=== What the task asks ===
The line containing "Позашляховик / Кросовер" marks the start. Restate it and every following line through the end of the records exactly, and nothing else, leaving out the pictures.

[Image-text web data]
------
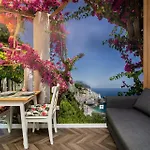 Tiny In Center Of Lägenhet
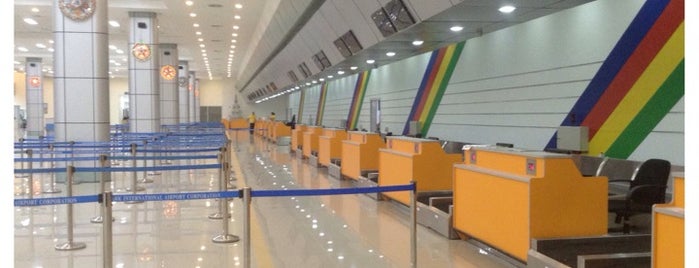 Diosdado Macapagal Clark International Airport Parknfly is one of Tempat yang Disimpan Jackie.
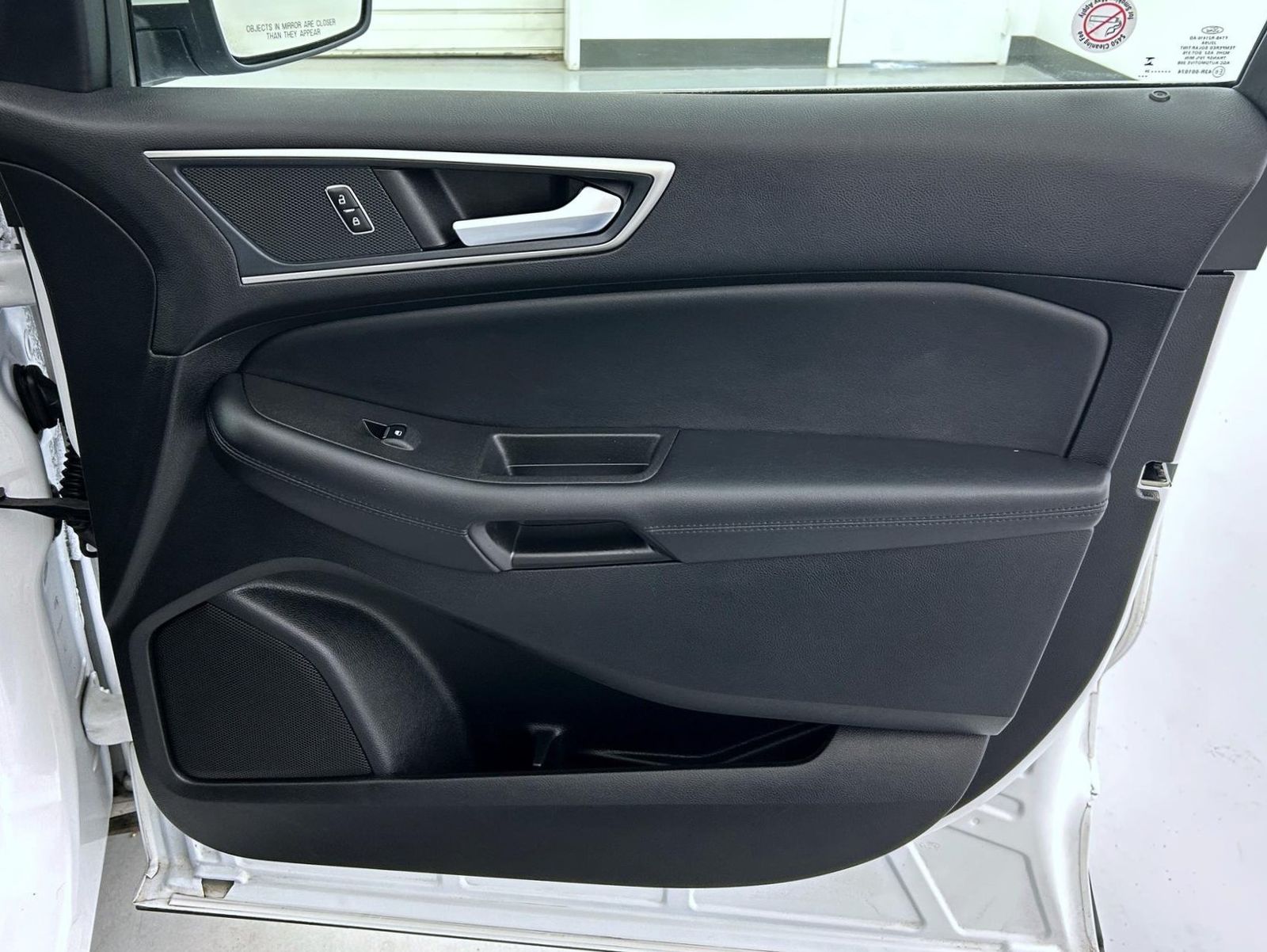 2024 Ford Edge SEL photo 15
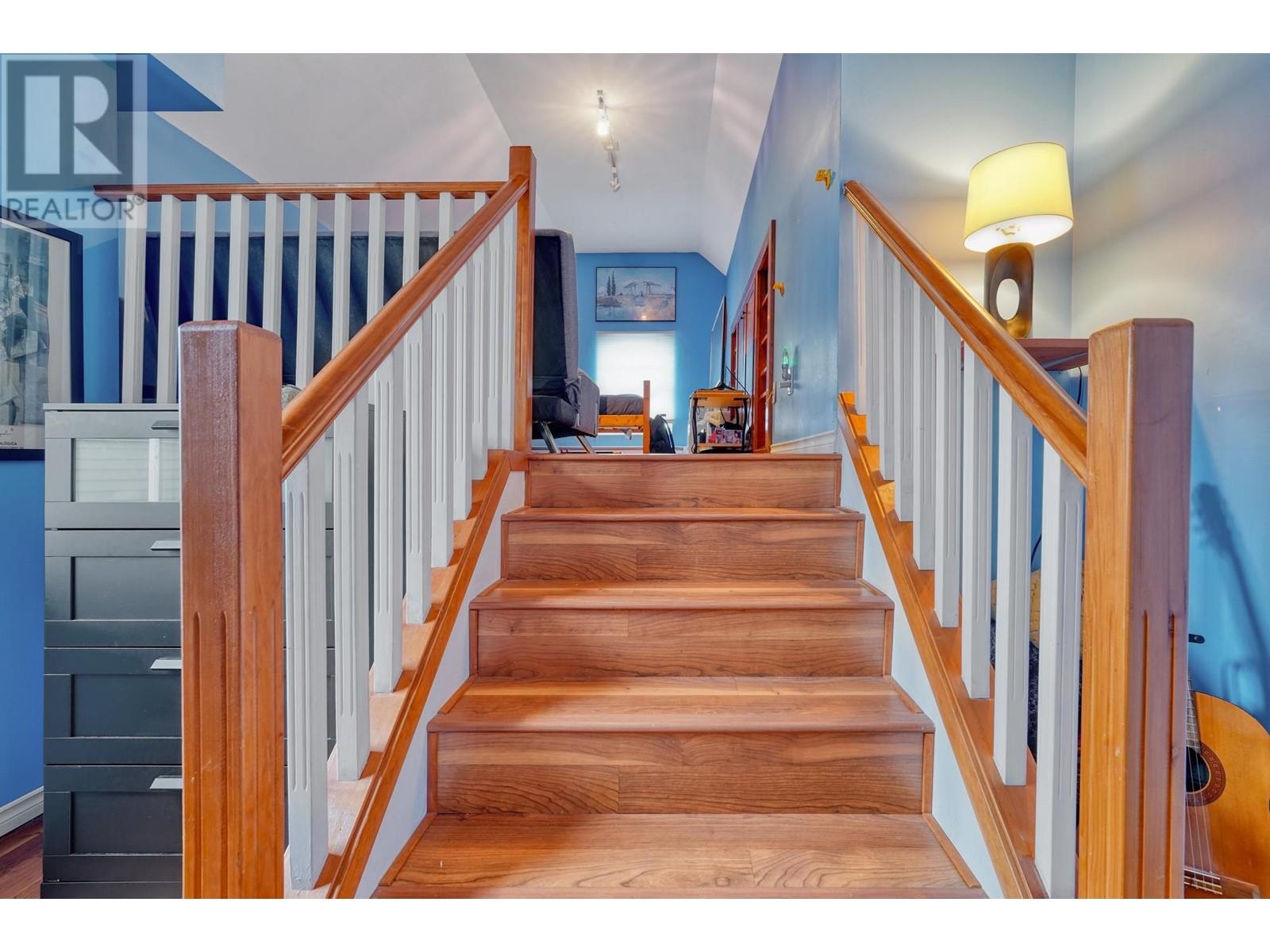 Listing Picture 20 of 40 : 3253 GEORGIA STREET, Richmond / 烈治文 - 魯藝地產 Yvonne Lu Group - MLS Medallion Club Member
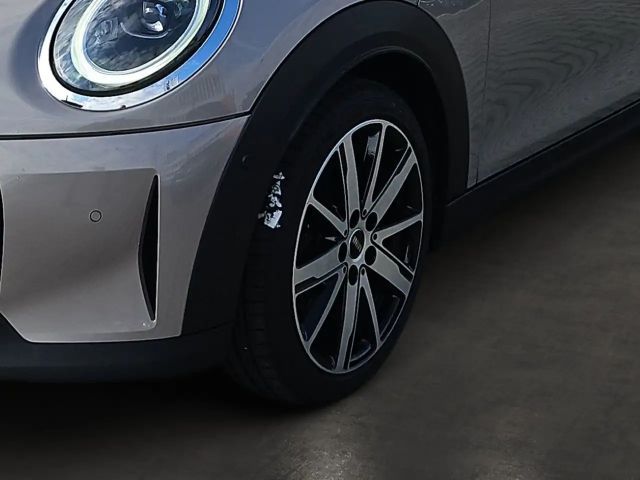 MINI Cooper S Classic Trim 5-türig/NAVI/LED/HUD/DAB/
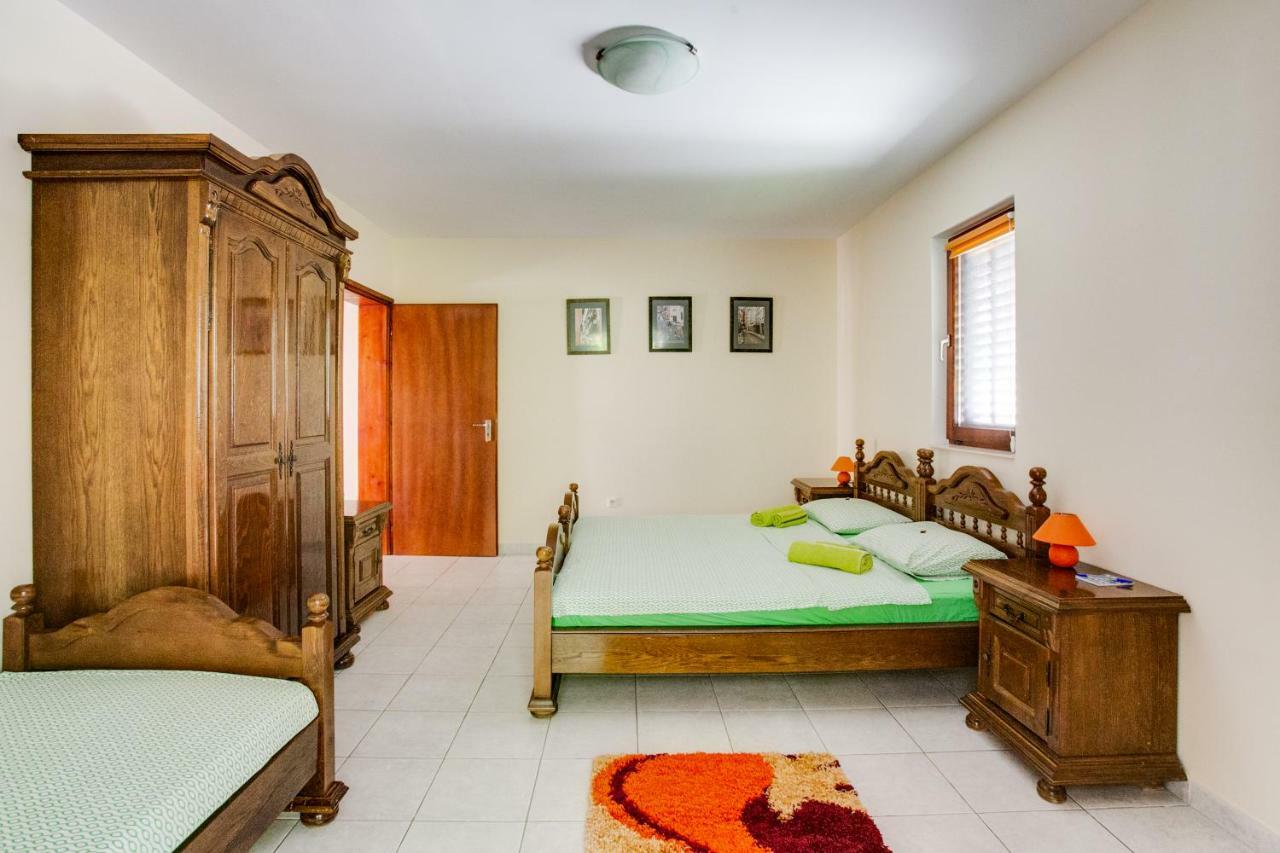 Villa Dionis Budva Extérieur photo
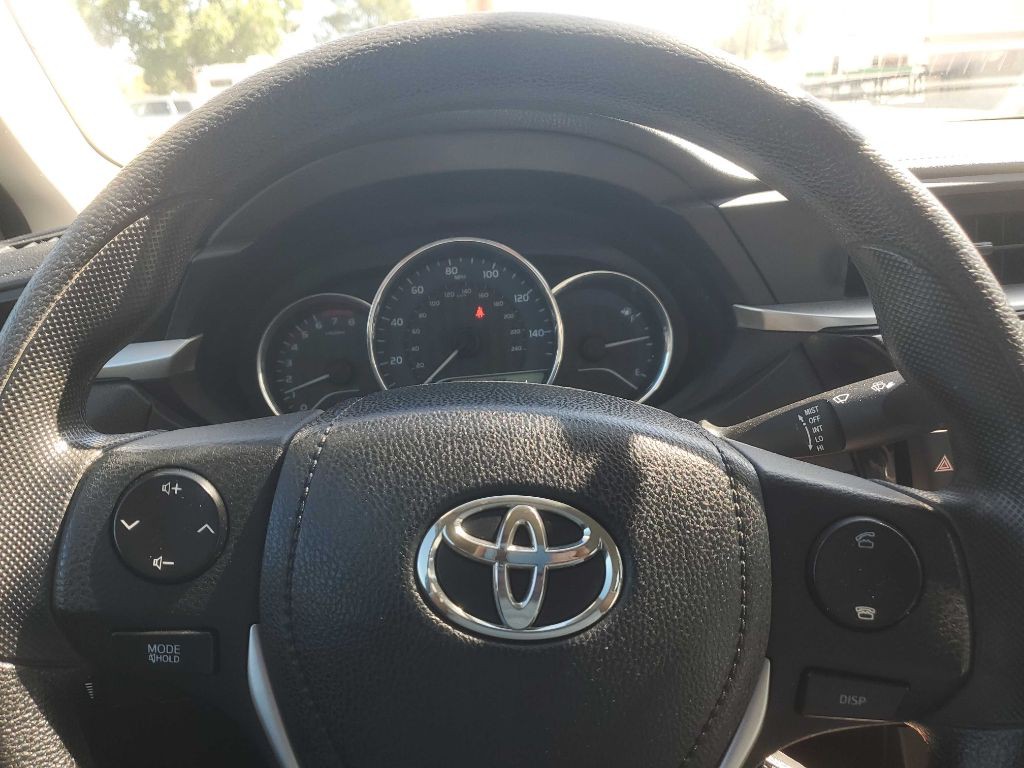 2014 Toyota Corolla Image 12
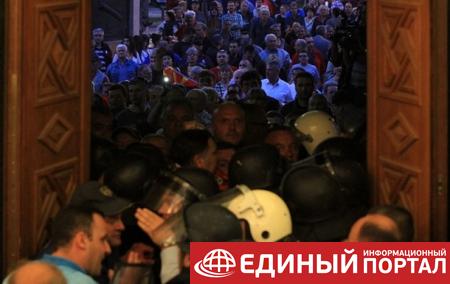 Протесты в Македонии. Число пострадавших превысило 100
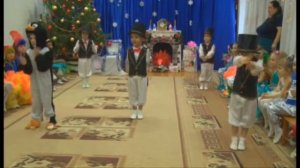 Танец пингвинов. Новогодний утренник. Средняя группа.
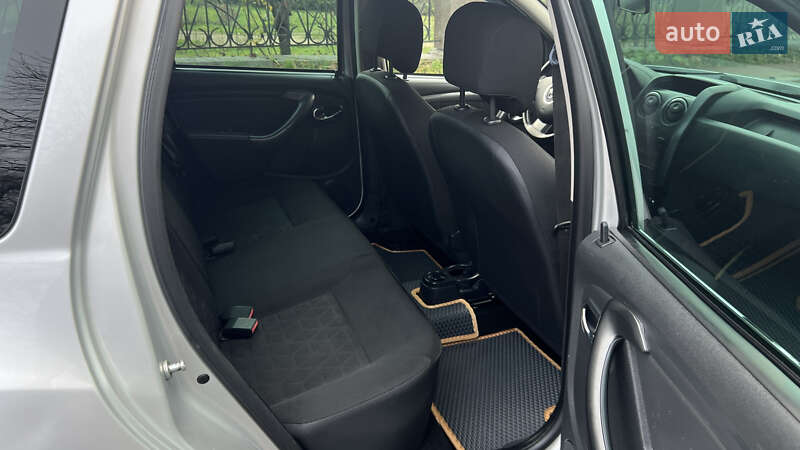 Позашляховик / Кросовер Dacia Duster 2015 в Умані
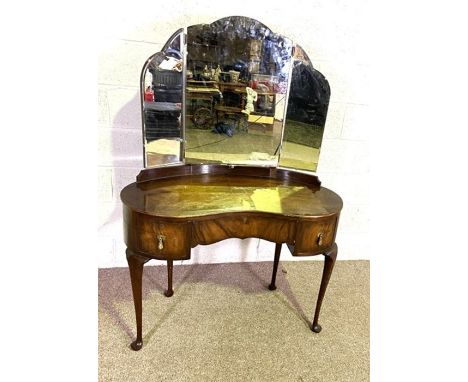 Assorted furniture, including two vintage chests of drawers, a veneered dressing table and a whatnot (4)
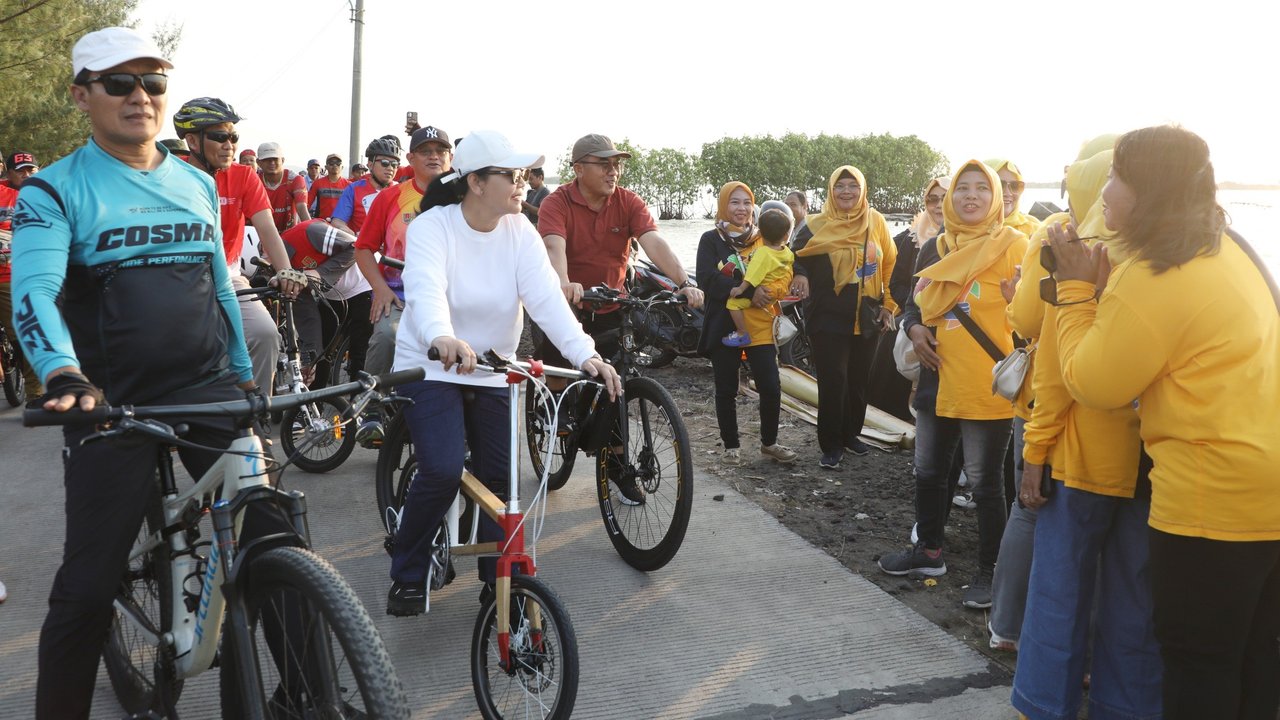 Wali kota Semarang Agustina gowes bersama OPD dan masyarakat di Kawasan Pantai Mangunharjo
------
=== Result of this task ===
 Позашляховик / Кросовер Dacia Duster 2015 в Умані
 Assorted furniture, including two vintage chests of drawers, a veneered dressing table and a whatnot (4)
 Wali kota Semarang Agustina gowes bersama OPD dan masyarakat di Kawasan Pantai Mangunharjo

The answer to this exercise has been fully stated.